Interviewed in Zagreb 10 May 2014
At the beginning of May Zagreb Gallery Greta issued a newsletter carrying the following text: After more than two decades Aldo Ivančić and Dario Seraval are returning to the music scene. Before releasing the new album for the American record label, Metropolis Records, titled So Man Created God, Borghesia presented a series of photographs Dub Photo in cooperation with photographer Andraž Muljavec. The photographs focus on transferring music dubbing into the medium of photography, but are also inspired by the direct adaptation of paintings and icons of this place and time, such as the readymade Dada wheel by Marcel Duchamp. Each topic was explored in four steps: it tried to capture the event which disintegrates the initial image and, consequently, analogously records the repercussions of the movement with a long exposition. Along with Duchamp, the photographs also depict Clint Eastwood, Mao Tse-Tung and Virgin Mary. We interviewed Aldo Ivančić and Dario Seraval on the day the exhibition was installed, only a few hours before the opening. There were a lot of questions, yet, unfortunately, not enough time. Next to Laibach and nsk, Borghesia was said to be the second most successful Slovenian cultural export product.

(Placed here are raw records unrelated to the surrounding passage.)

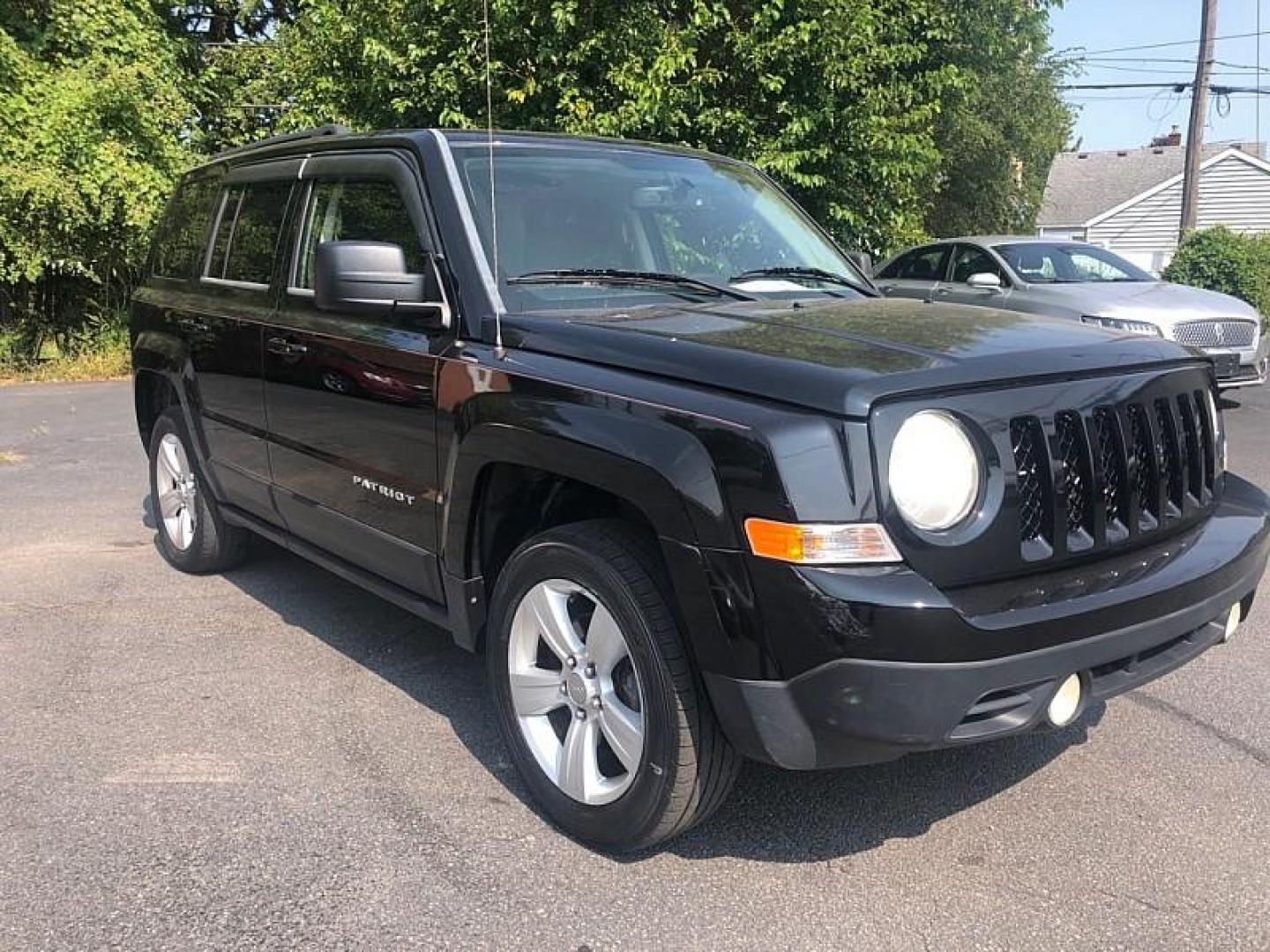 2014 BLACK /BLACK Jeep Patriot Latitude 4WD (1C4NJRFB0ED) with an 2.4L L4 DOHC 16V engine, Automatic 6-Spd w/AutoStick transmission, located at 3304 Woodville Road, Northwood, OH, 43619, (419) 210-8019, 41.612694, -83.480743 - We are #1 Auto Loan Dealer for Good Bad or No Credit we have hundreds of vehicles to choose from, stop on in or just fill out our online application to get approved for auto financing and see your credit score for free by visiting our website today. We have Low Payment Options and Terms Available - Photo#6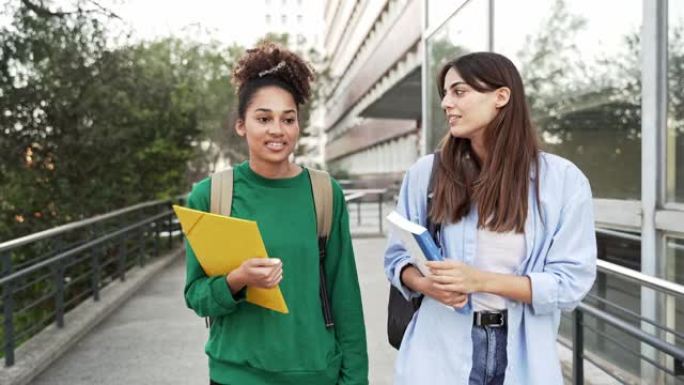 两名大学生女生朋友在大学校园里畅谈散步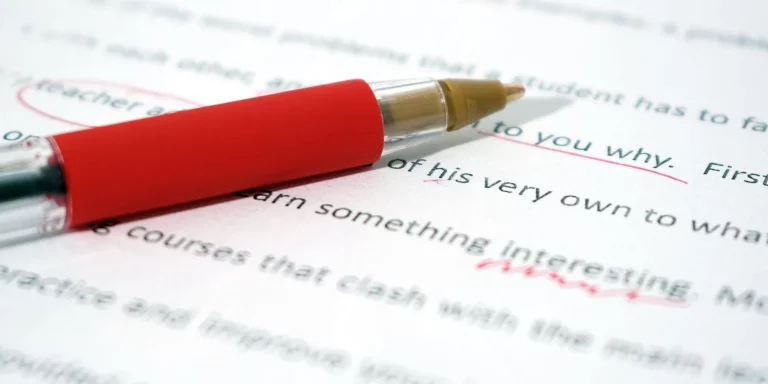 a red pen on a document being grammatically corrected 1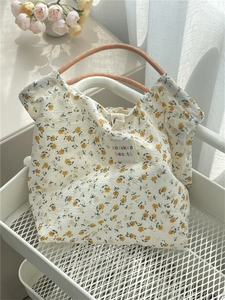 Floral canvas tote bag detail with woven handles and branded label in a soft setting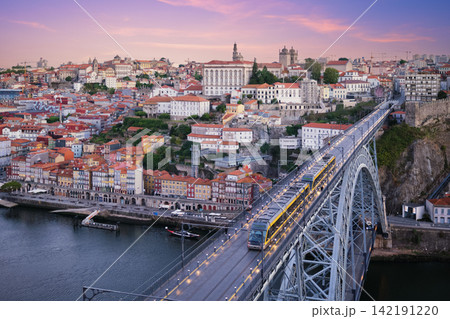 Porto Ribeira tram at sunrise on Luis I Bridge over Douro River Porto Ribeira tram at sunrise on Luis I Bridge over Douro River 142191220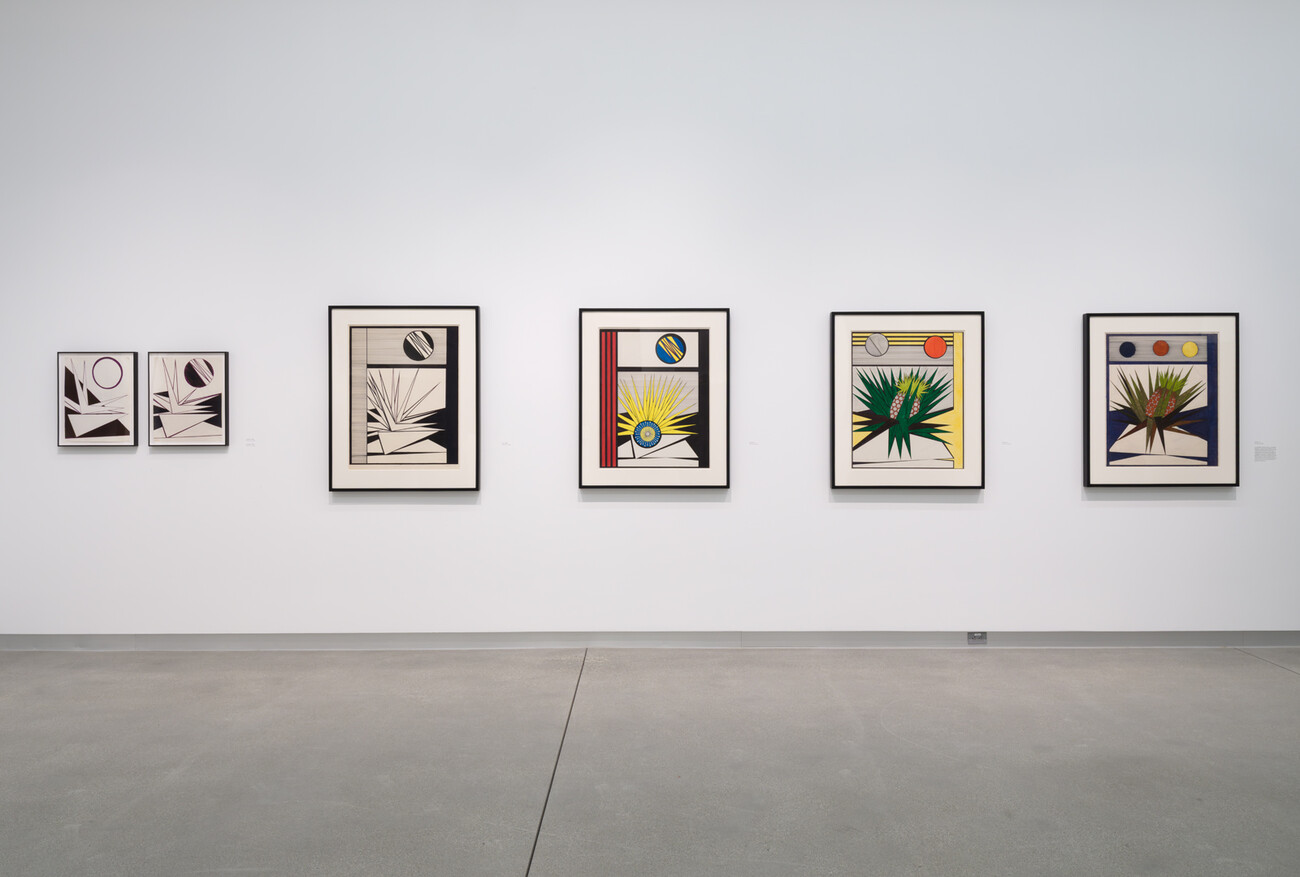 wide shot of five artworks on gallery wall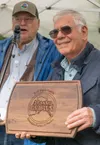 Mike Mosesian, foreground, was honored as 2025 Farm Family of the Year by Bryan Scoresby, Director of the Division of Agriculture, on August 15 at the Alaska State Fair. Mosesian and his fami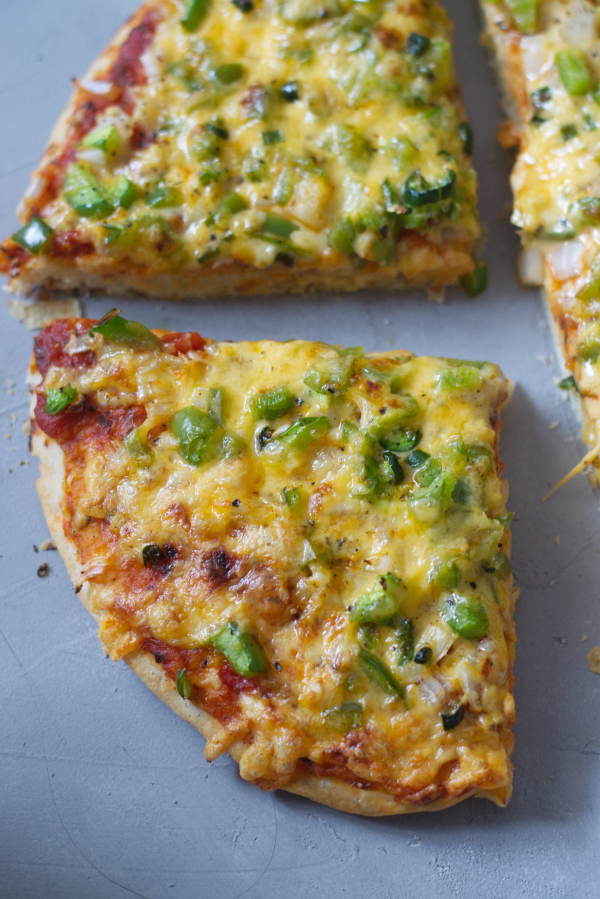 homemade thick crispy bottom pan pizza sliced ready for eating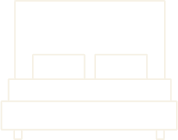 A black and white image of a bed with two pillows.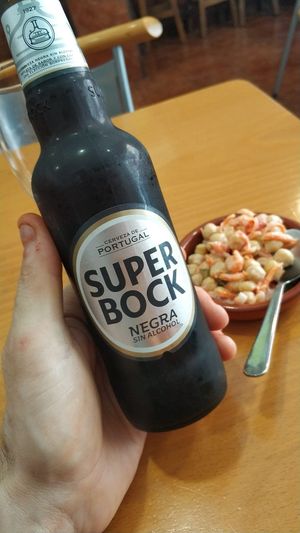 Cerveza portuguesa con tapa at Puzzle Bar in Gijon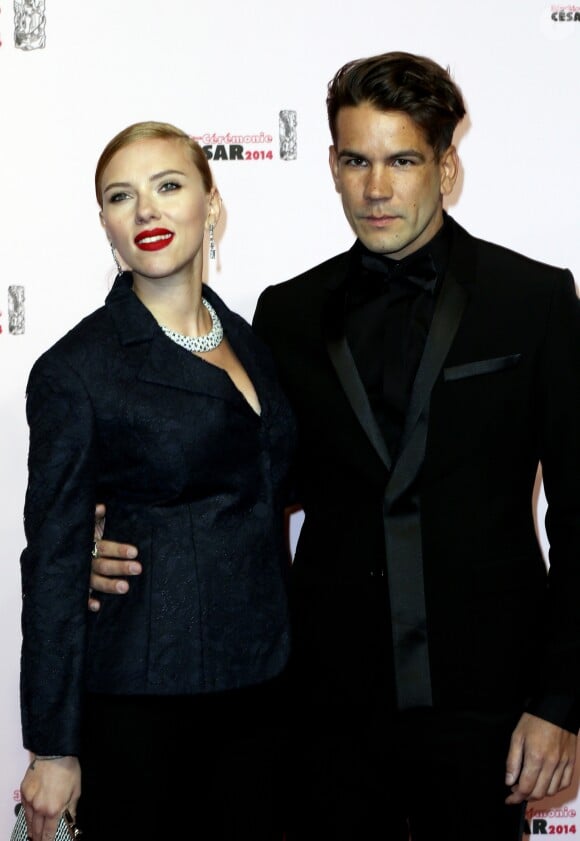 Scarlett Johansson (César d'honneur) (habillée avec une veste « Bar » en dentelle bleu marine, pantalon en crêpe de soie bleu marine et une pochette Dior) et Romain Dauriac -39e cérémonie des César au théâtre du Châtelet à Paris Le 28 février 2014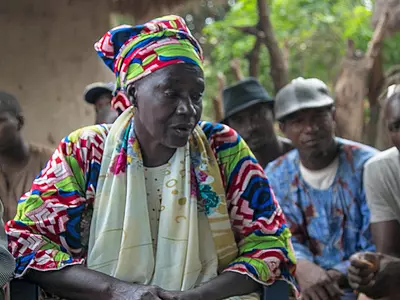 Two women and a man talk during a governance-related meeting in Guinea.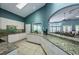 Well-equipped kitchen with granite countertops, white cabinets, stainless appliances and tiled floors at 1010 Blue Heron Way, Tarpon Springs, FL 34689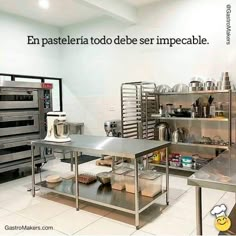 an industrial kitchen with stainless steel counters and appliances on the wall above it is a quote written in spanish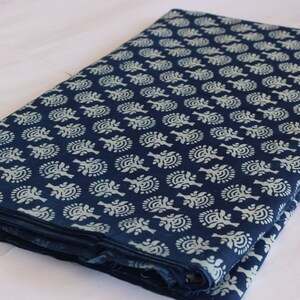 May include: A folded piece of indigo blue cotton fabric with a white floral pattern. The fabric is folded in thirds and has a white tag with the text "ShiboriNTieDye" on the bottom right corner.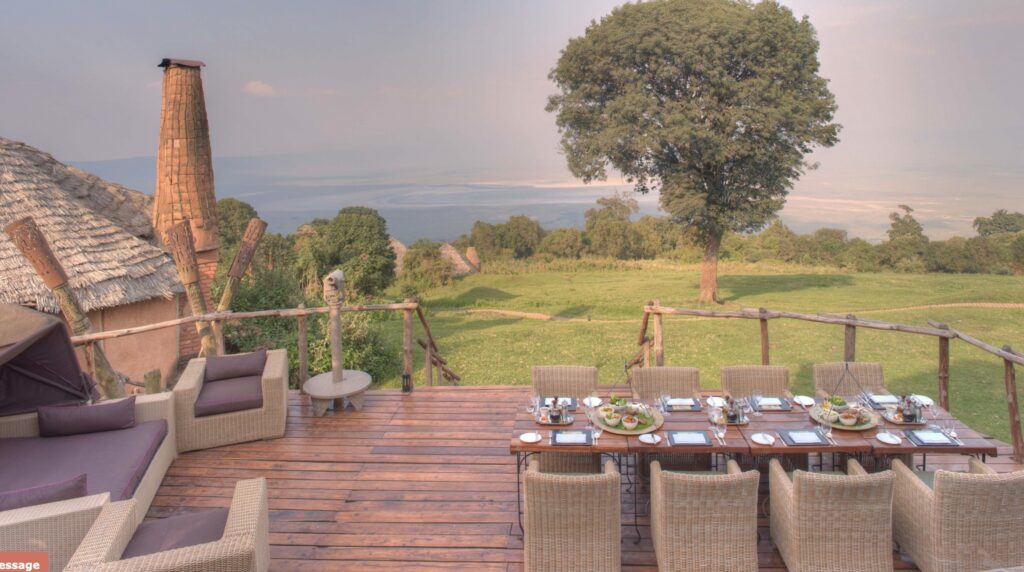 Ngorongoro Crater Lodge terrace with table and green scenery in front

ORIS: You have not been active for twenty years in this setup. Why did you decide to come back now, and how did you make this decision? You have been preparing the new album for a long time.
Aldo Ivančić: I think it was all rather spontaneous. A part of the exhibition on alternative movement in the 1980s at the International Centre of Graphic Arts (mglc) in Ljubljana was, naturally, dedicated to Borghesia. We met there after twenty years. We started talking about releasing the compilation of selected works, and started working again soon after. The compilation 20th Century – Selected Works came out in 2009.
Dario Seraval: We had something to say, and we decided to say it.